BPS se trouve dans les plastiques durs en polycarbonate, les facturettes ou les reçus en papier thermique, ainsi que dans de nombreux produits proposés pour comme alternative au BPA, un produit chimique perturbateur endocrinien connu fortement soupçonné d’avoir de multiples risques pour la santé.

« Malgré les espoirs d’une alternative plus sûre à BPA, des études ont montré que BPS présentait un comportement similaire à l’imitation des œstrogènes à BPA », explique l’investigateur principal de l’étude, Sumi Dinda, Ph.D., professeur agrégé à l’École des sciences de la santé de l’Université d’Oakland à Rochester , Mich.

Leur étude a confirmé que BPS agit comme un œstrogène dans les cellules cancéreuses du sein, dit Dinda, ajoutant: « IL semblerait que le BPS soit un perturbateur endocrinien puissant ».

Lui et ses collègues ont étudié les effets du bisphénol S sur le récepteur des œstrogènes alpha et le gène BRCA1. La plupart des cancers du sein sont des récepteurs des œstrogènes positifs et, selon l’Institut national du cancer, 55% à 65% des femmes qui héritent d’une mutation nocive dans le gène BRCA1 développeront un cancer du sein.
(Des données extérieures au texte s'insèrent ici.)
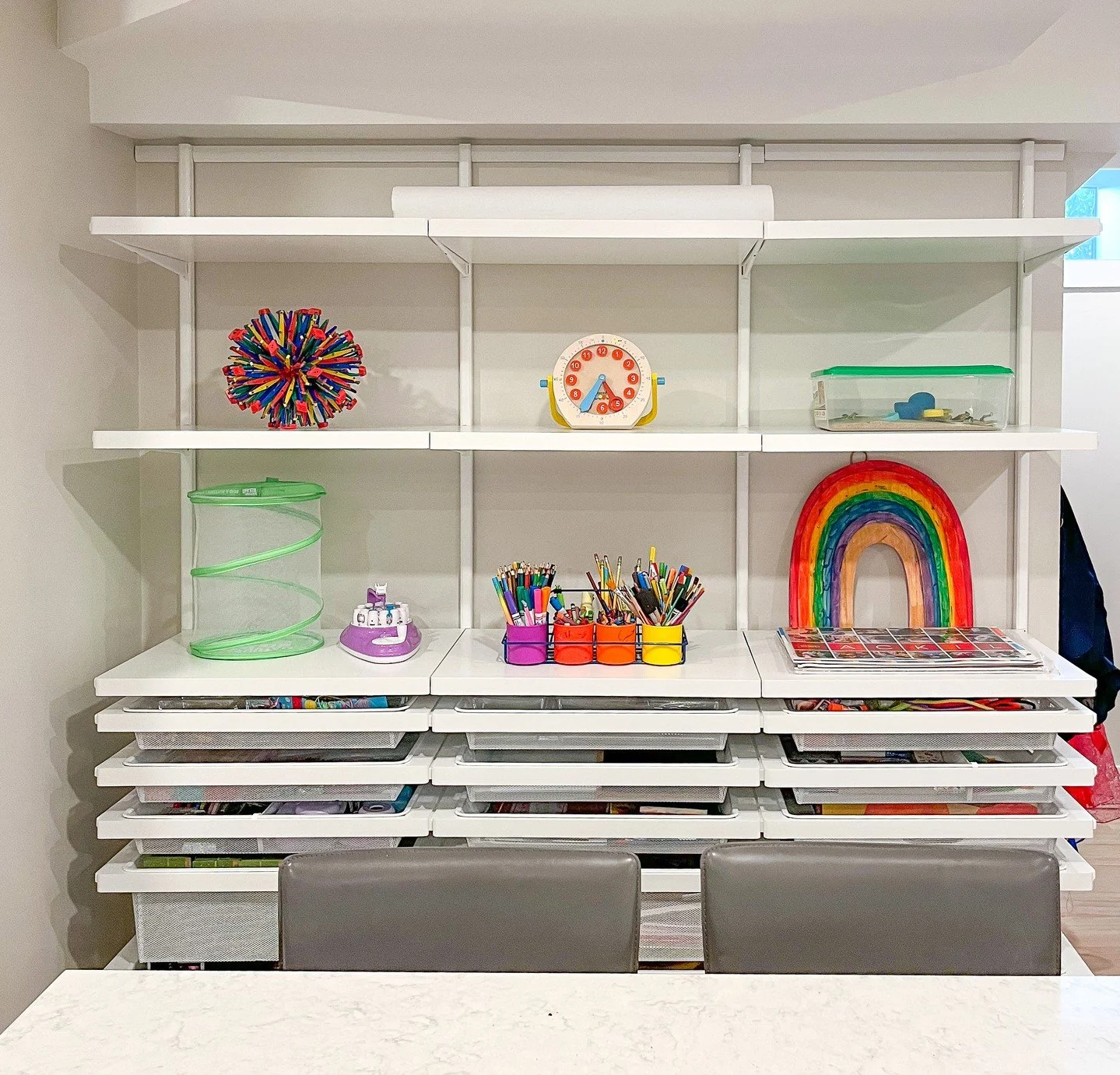We love to organize playrooms. They are dynamic, highly varied, and incredibly joyful spaces in every home! No space has a cookie-cutter solution, but a playroom needs to be especially customized. We have created Lego building havens, slime stations,
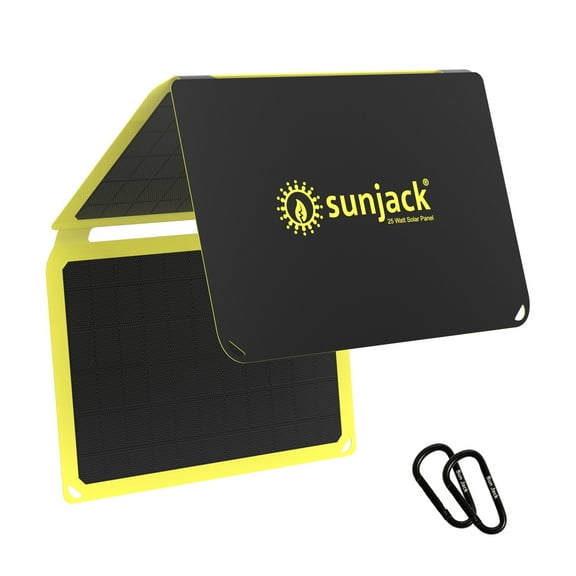 SunJack 25W Portable Solar Panel Charger Kit USB-A & USB-C Rugged Waterproof, 1.7 lbs
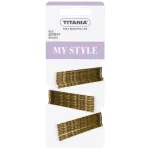 TITANIA - Fliseklemme brun/gull 5 cm, 30 pce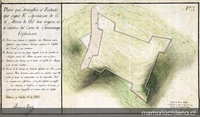 Plano que demuestra el reducto que segun R' aprovacion de 6 de marzo de 1767 debe erigirse en la cumbre del cerro Chorocamayo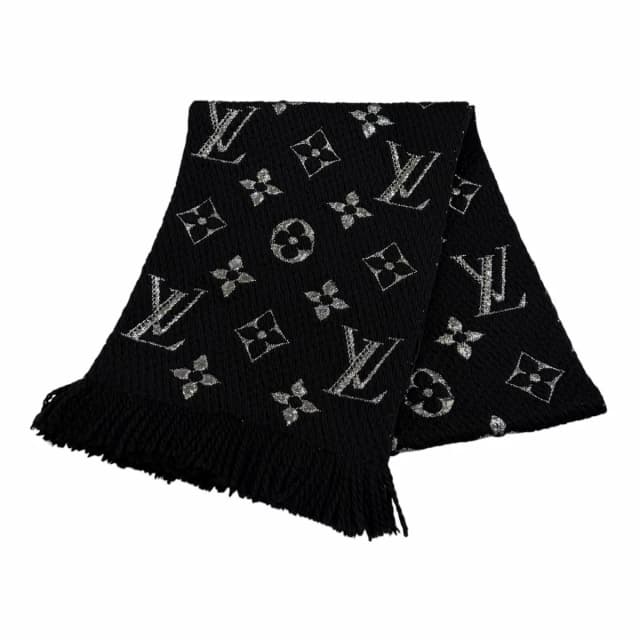 Louis Vuitton Echarpe Logomania Shine Wool Silk Blend Scarf With Fringe Black in Black Silk from The Reluxe, photo 1 of 1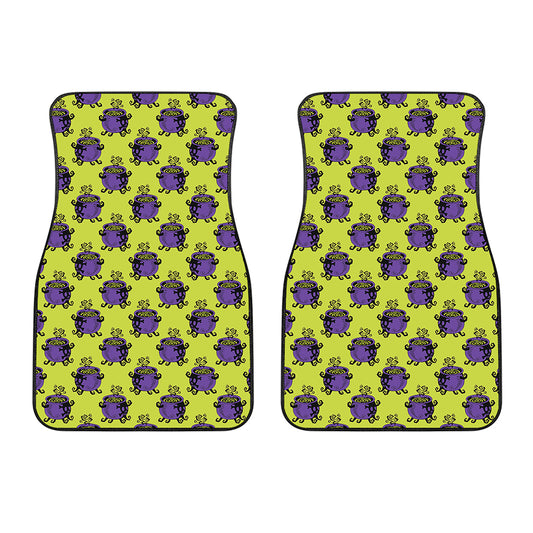 Halloween Witch Cauldron Pattern Print Front Car Floor Mats
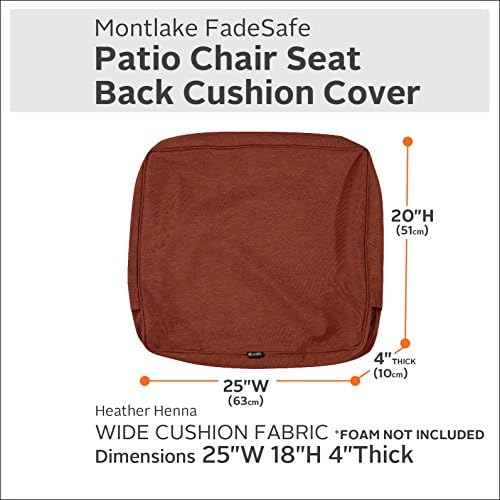 Classic Accessories Montlake Water-Resistant 25 x 18 x 4 Inch Outdoor Back Cushion Slip Cover, Patio Furniture Cushion Cover, Heather Henna Red, Patio Furniture Cushion Covers - Image 3
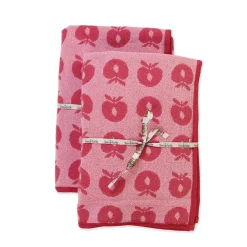 Småfolk 2 pak håndklæde 70x140 med æbler - Sea pink-Børn Badekåber & Håndklæder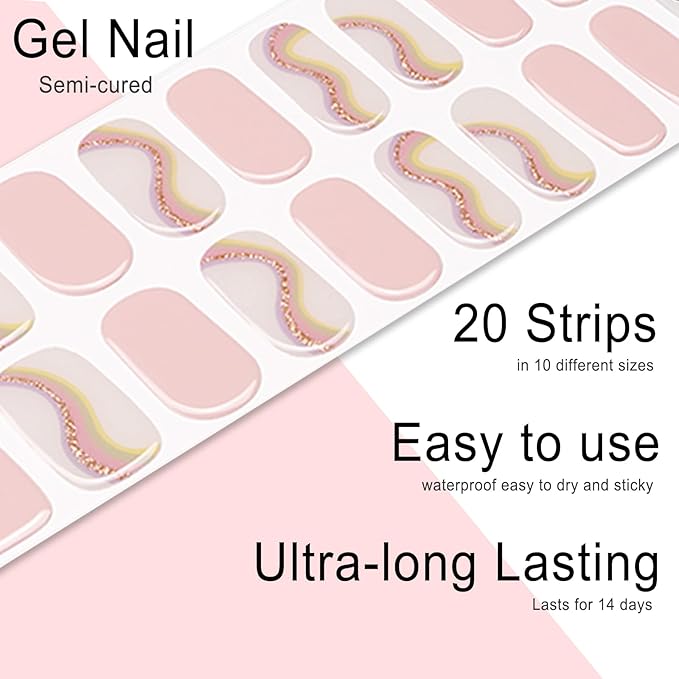 20pcs Semi Cured Gel Nail Strips, Real Nail Polish Art Stickers, Starry River Pink Gel Nail Stickers - Work with Any UV Lamp, Long Lasting Full Wraps with Nails File and Stick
En utilisant deux lignées cellulaires de cancer du sein obtenues auprès de femmes atteintes d’un cancer du sein, l’équipe de recherche a exposé les cellules cancéreuses à des dérivés de bisphénol S ou à une substance inactive comme témoin.

Les chercheurs ont également traité les cellules cancéreuses du sein avec de l’œstradiol (œstrogène) et ont constaté que BPS agissait comme des œstrogènes dans la multiplication des cellules cancéreuses du sein, nous précise Dinda. Par rapport à l’échantillon témoin, le BPS a augmenté l’expression de la protéine dans le récepteur des œstrogènes et BRCA1 après 24 heures, tout comme l’ont fait les œstrogènes. Après un traitement de six jours au BPS, les cellules cancéreuses du sein dans les deux lignées cellulaires auraient augmenté de 12% à la dose la plus faible (4 micromètres) et de 60% à 8 une dose de micro-molécules.

L’équipe de recherche a ensuite bloqué la prolifération induite par l’exposition au bisphénol S des cellules cancéreuses en les traitant avec des médicaments anti-oestrogènes.

Dinda commente que les résultats suggèrent que le bisphénol S peut augmenter l’agressivité du cancer du sein. Bien qu’une étude approfondie de BPS dans les cellules cancéreuses du sein soit nécessaire pour confirmer ces résultats, il a suggéré que «si une femme a un gène BRAC1 muté et qu’elle utilise des produits contenant du BPS, son risque de développer un cancer du sein peut augmenter davantage».